Она была некрасива, Буба: тощая, нескладная, сутулая и двигалась всегда как-то боком, точно старалась проскользнуть незаметно, не привлекая внимания к себе.
И только на эстраде менялась. Почему-то там множество устремленных на нее глаз ее не пугало: она выходила из артистической на сцену со вздернутой головой, мелко шагая в длинном концертном платье, маленькая, гордая, с очень бледным лицом.
Насколько она была застенчива в жизни, настолько беспредельно откровенна в музыке. Иные даже говорили: «Ну это уже чересчур…» Хотя вряд ли сумели бы объяснить, что именно кажется им чрезмерным в Бубином исполнении: темперамент, страстность, томление, призывность, обнажение душевной муки?
Она и Баха так играла: отчаяние титана, бессилие мощи, великое одиночество- вот каким у нее был Бах.
И потом, как бы опомнившись, отводила смычок и, вскинув голову, уходила.
У нее взмокала даже кожа головы, волосы липли ко лбу и на верхней губе проступали бисеринки пота.
В артистической пахло работой, конюшней. Входили друзья, почитатели — Буба совала им холодную влажную руку, слегка дрожащую от перенапряжения, и складывала шуршащие целлофаном букеты на рояль.
У нее были темные зверюшечные глаза с желтоватыми белками, широкие брови и нос всегда блестел, сколько она его ни припудривала. А руки как бы крапчатые, в сине-красных жилках, зябкие, ногтей почти не было, одни подушечки, и широкая мускулистая ладонь. Даже весной она носила варежки на выворотке из засаленной замши и всегда ходила в брюках: платье у нее было только одно — концертное.
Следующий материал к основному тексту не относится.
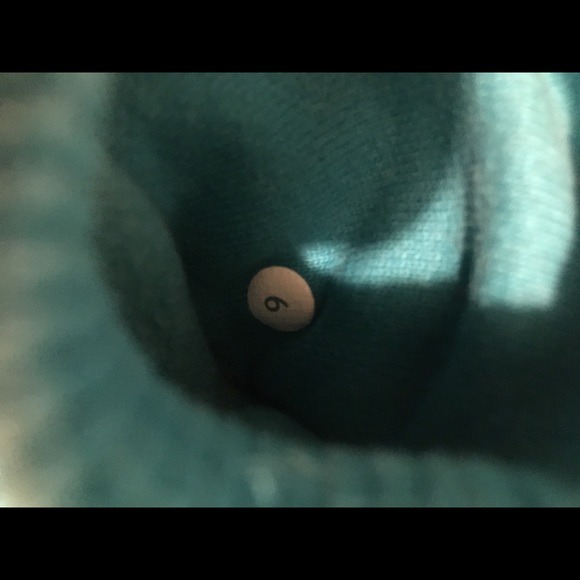 Lulu size 6 scuba hoodie - Picture 2 of 2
Родные ее, мать, сестры, жили в Элисте, а у нее была однокомнатная квартира в Москве, но она так и не успела ее обжить — все моталась по поездкам.
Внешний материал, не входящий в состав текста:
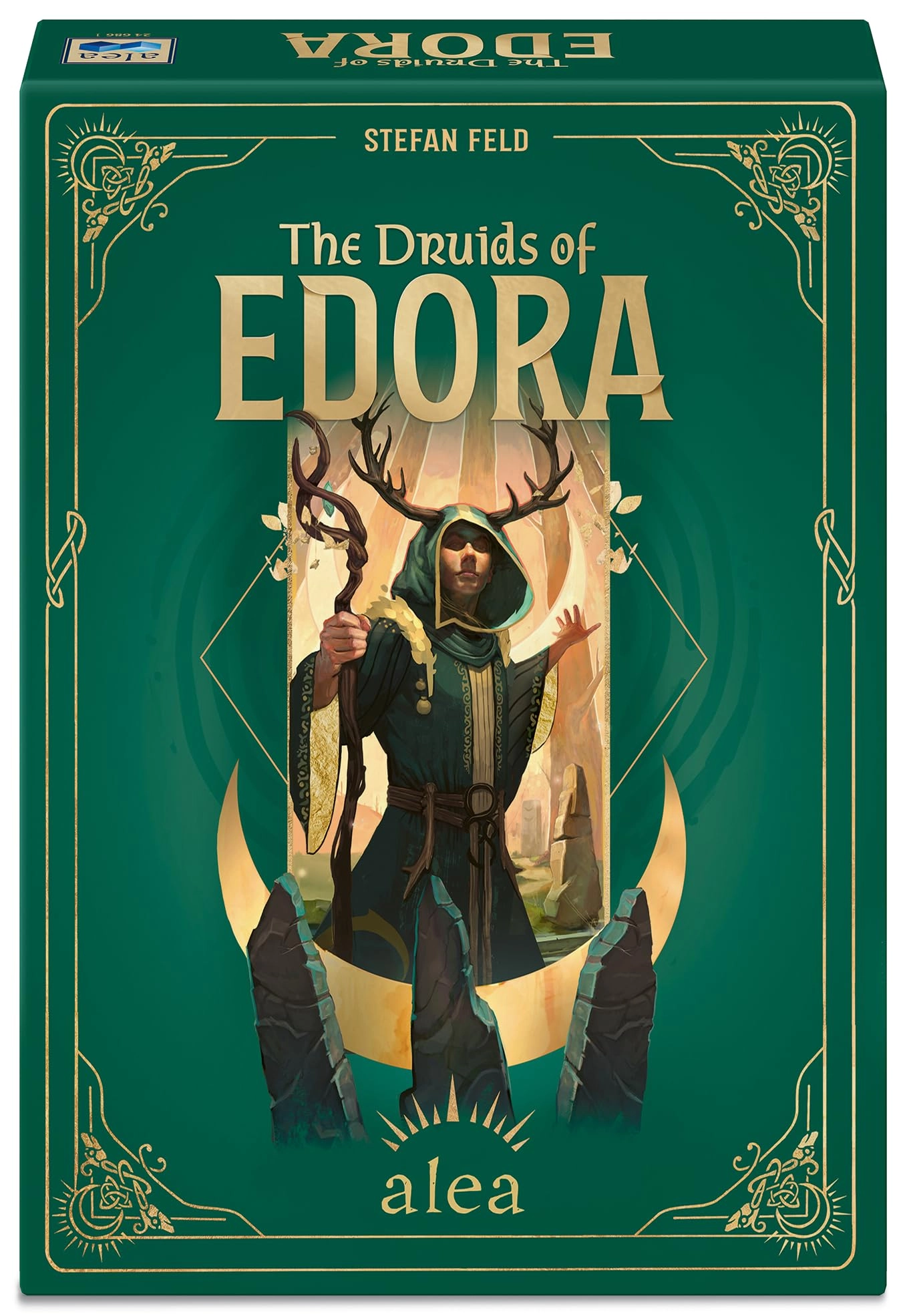 Ravensburger The Druids of Edora (German)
Она была кормилицей и поилицей большого семейства и почти все, что привозила с гастролей, отправляла родственникам в Элисту, но сама от тамошней жизни давно отвыкла, редко наведывалась туда.
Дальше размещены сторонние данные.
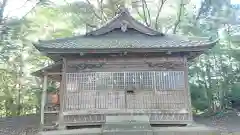 鹿島神社(茨城県)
Да, у нее случались гастроли, случались интересные выступления, но лауреатством она не обзавелась, не было у нее такой «охранной грамоты», и потому отношение к ней концертных организаций оставалось небрежным.
Пробивные способности у нее тоже оказались развиты слабы. И совершенно чужда была ей страсть к наращиванию все новых и новых знакомств, хотя в ее среде многие увлекались подобным коллекционированием, полагая, по-видимому, что это придает им значительность, вес. «Меня все знают, и я всех знаю» — такое сознание как бы возвышало человека в собственных глазах, воспринималось как доказательство его популярности, хотя на самом деле ничего утешительного в этом не было: и незаметное, и безликое может при мелькаться настолько, что станет узнаваемым, — всего лишь.
Бубу такие проблемы не занимали вовсе, не столько даже потому, что она была мудра, сколько оттого, что у нее очень мало оставалось свободного времени: его еле-еле хватало на тех, кем она действительно дорожила.
И вот она приходила к Маше. Они дурачились, слегка друг над другом подтрунивали, но перемены, что в них произошли, давали все же о себе знать, и Маша иной раз ловила себя на грубой догадке: а ведь Буба-то неудачница…
Жалко, обидно за подругу, но хотелось, бывало, при этом ее и одернуть: «Опомнись, ведь кое в чем и сама виновата. Да, ты сама…»
В чем же? Да в том, что принято считать добродетелью, чем принято восхищаться, но что в чистом, беспримесном виде часто приводит к поражению, — такая вот цельность, душевная целомудренность.